Action item => Only the lines from the one with "image-Self-adhesive Flooring Planks" through the last line of the data below are to be duplicated, exactly and without pictures.

--- Input material ---

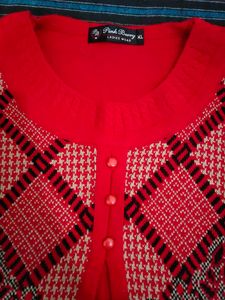 Stylish Red Kurta with Elegant Pattern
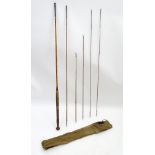 Fishing : A traditional hexagonal Split Cane ( probably Westley Richards) 10' 5" ( or 9'9"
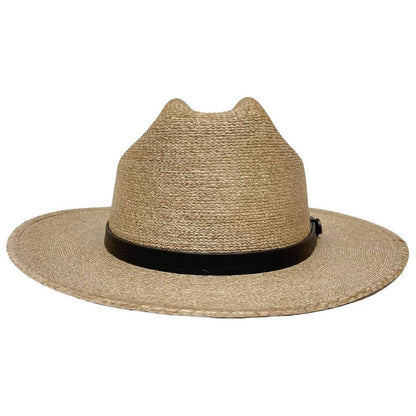 Amarillo Palm Tan Open Road Straw Sun Hat by American Hat Makers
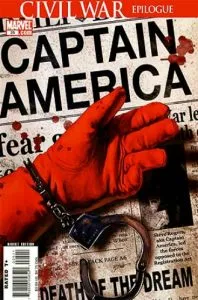 Captain America Vol. 5 #25 cover, Death of Captain America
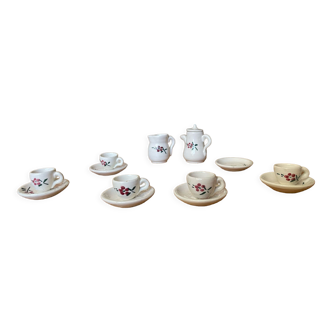 Miniature porcelain coffee/tea set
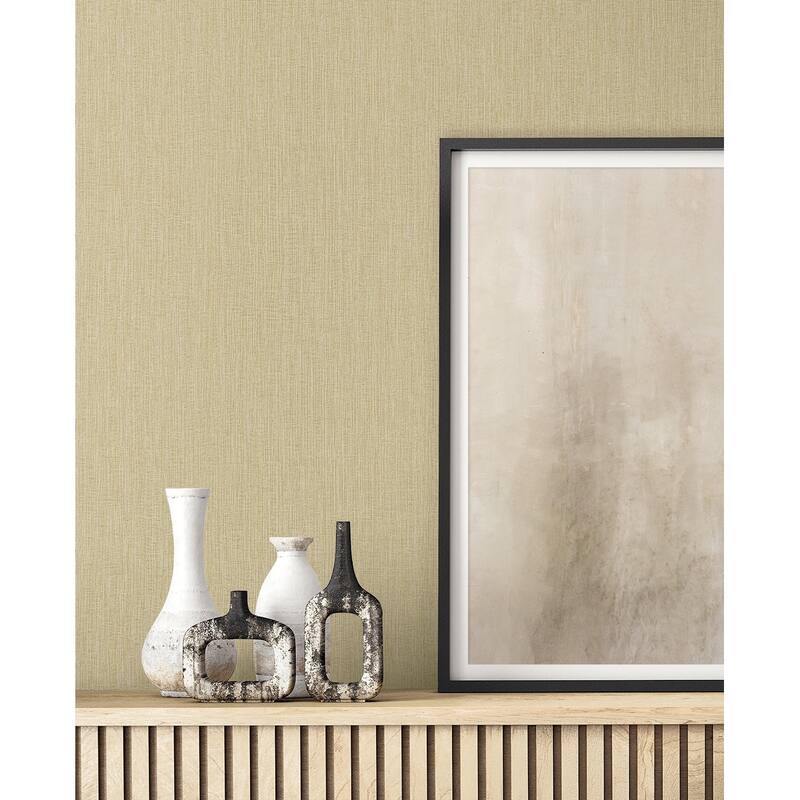 Seabrook Designs Natural Tether Embossed Vinyl Unpasted Wallpaper
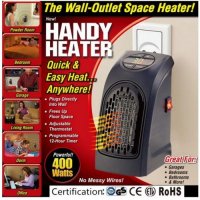 Портативна печка Handy Heater, 400w, с таймер, снимка 4 - Отоплителни печки - 39440222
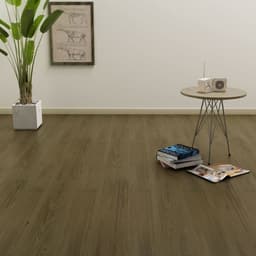 image-Self-adhesive Flooring Planks 4.46 m² 3 mm PVC Brown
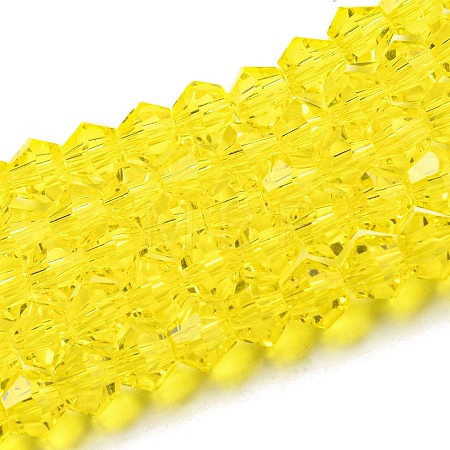 Transparent Glass Beads Strands EGLA-A039-T6mm-D21-1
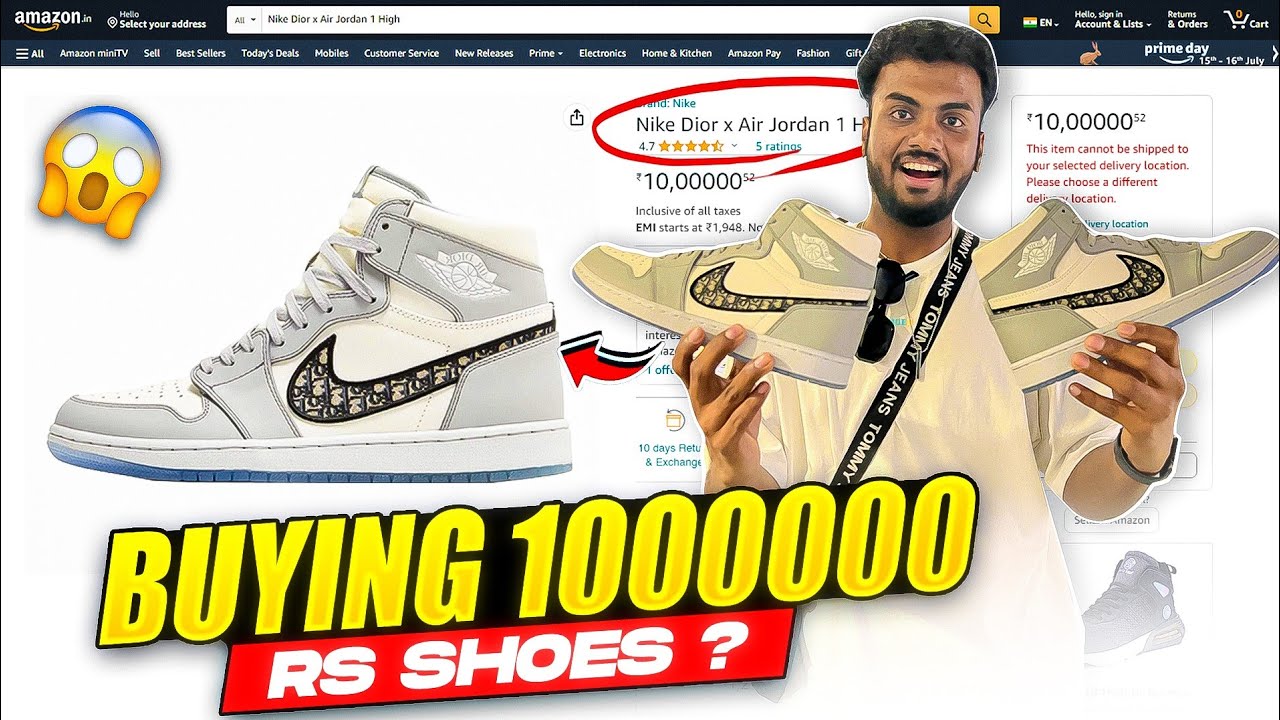 Buying 1000000 rs Nike Jordan Dior Shoes ? 😱 World's Rarest & Costly Shoes Review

---

Response for this exercise =>
 image-Self-adhesive Flooring Planks 4.46 m² 3 mm PVC Brown
 Transparent Glass Beads Strands EGLA-A039-T6mm-D21-1
 Buying 1000000 rs Nike Jordan Dior Shoes ? 😱 World's Rarest & Costly Shoes Review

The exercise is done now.